Martha Olney, adjunct professor of economics | October 27, 2009

Data are the life blood of the social sciences.  Imagine you want to answer this question:  What is the impact of the availability of legal marriage on gay individuals?  You could refine the question to look at child rearing, or saving for retirement, or patterns of spending, or labor mobility, or any of a host of things.

You might want to design your study to compare gay and straight people in states with and without legal marriage.  How did the introduction of marriage in a state change behavior of gay individuals?

You might then want to expand your study to see whether the behavioral change is due to the availability of marriage in one’s home state, or the possibility of marrying even in a neighboring state.  Is it just making the commitment or also having that commitment recognized in my home community that matters?  And then you might want to expand your study further to see if the behavioral change is due to the availability of marriage in any state in the country.  If a couple from North Carolina travels to San Francisco and marries in October 2008 (Hi Chris & Darlene!), does being married alter their behavior?

You’d want to compare married individuals with those who are registered domestic partners, to see whether marriage per se matters.  And you’d want to look at the difference between marriage & domestic partnerships for gay individuals and then for straight individuals, to see if there’s a different marriage effect for one group than for the other.

You’d be doing the sort of work that is done by The Williams Institute at UCLA’s School of Law:  “advancing critical thought in the field of sexual orientation law and public policy.”  You’d be doing the sort of work captured in Gary Gates’ research summary, “Same-Sex Couples in the 2008 American Community Survey” — but with data for every state and for every couple, not just a sample.  (The ACS is great for some things, but how many gay married couples living in North Carolina are picked up by the ACS?  Probably not enough to analyze.)
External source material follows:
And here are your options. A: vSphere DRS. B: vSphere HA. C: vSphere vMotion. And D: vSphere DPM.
Historian Margo Anderson of University of Wisconsin Milwaukee published a book twenty years ago entitled The American Census: A Social History (Yale UP, 1988).  You can find it in the Main or Moffitt library at HA37.U55 A53 1988.  The census questions evolve and change as our society evolves and changes.  Some of us are married now.  We’ll mark “married” when the census form comes.   Whether the census reports the data won’t change how married we are.  But how married we are might ultimately change what the census reports.
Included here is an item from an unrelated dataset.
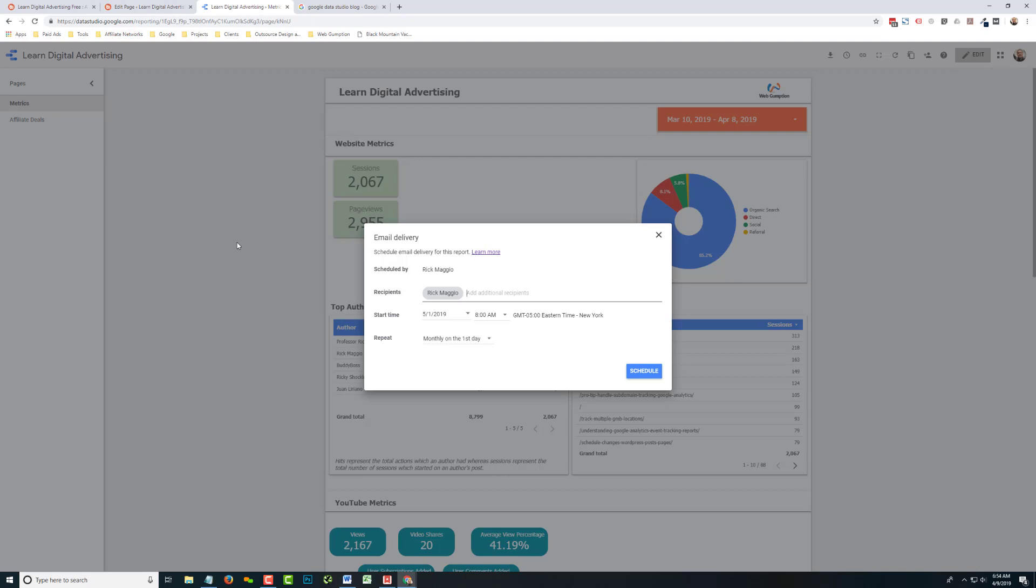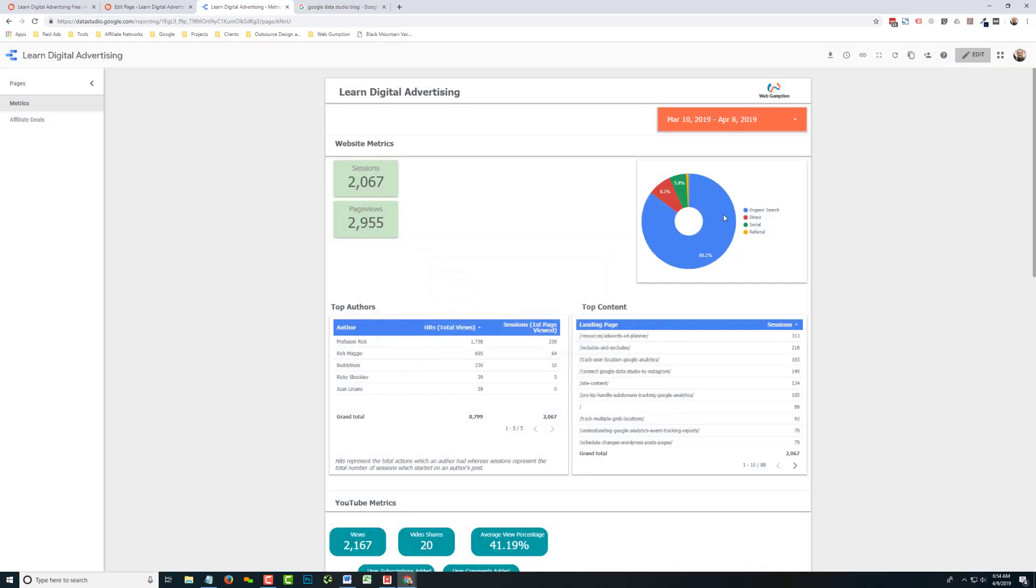Now, when you do schedule the report, what's essentially going to happen is an email will be generated from Google with a PDF attachment of your existing report, and that's going to take into account the date range and existing saved filters on the report. So if you have a running date range on your report or something like that,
Comments to “Data! We want data! (so sayeth the social scientists)

  1. I say follow the Bible: be fruitful, multiply, and replenish the earth. Can’t do that with same-sex couples. But, I don’t have anything against homosexuals. I also believe what the Bible says about loving your neighbor as yourself. All of us have to find a way to integrate into society.
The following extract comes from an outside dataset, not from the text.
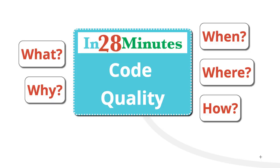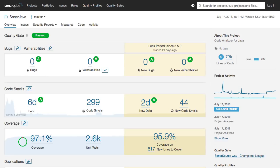Let's look at code quality in depth. One of the best ways to measure code quality is by using a tool called SonarCube. SonarCube looks at your code in a wide variety of perspectives — what are the possible bugs present in your code, and what are the possible security vulnerabilities which are present in your code.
  2. I guess “how married you are” may change the census reports. Be it race, religion, sexual orientation, or whatever else, there are always going to be minorities, though, in this society. Best thing in my view is to live your life the best you can and not worry about what everyone thinks of you.

  3. Thank you, Gary, for clearing that up. By the way, I came across more information stating that the Census Bureau will report all responses of married same-sex couples without changing anything.

    Therefore the 2010 census is the first that will report the numbers of same-sex couples who describe themselves as married, or more specifically, who use the terms husband and wife. This is very exciting news as I was a bit confused myself.

    The main confusion seemed to be created by the Census Bureau reports which stated that the number of same-sex couples who identify as married would be released separately from the national count on a state-by-state basis. This had been interpreted as a no-count, period, for same-sex couples. Instead it’s just a different way of counting — at least this time.

    From my understanding, such couples will not be included in the official national count of married couples because the Census Bureau does not have time before April to change its editing processes — which “recode” the answer of any person who says he or she is a spouse in a same-sex marriage to “unmarried partner.”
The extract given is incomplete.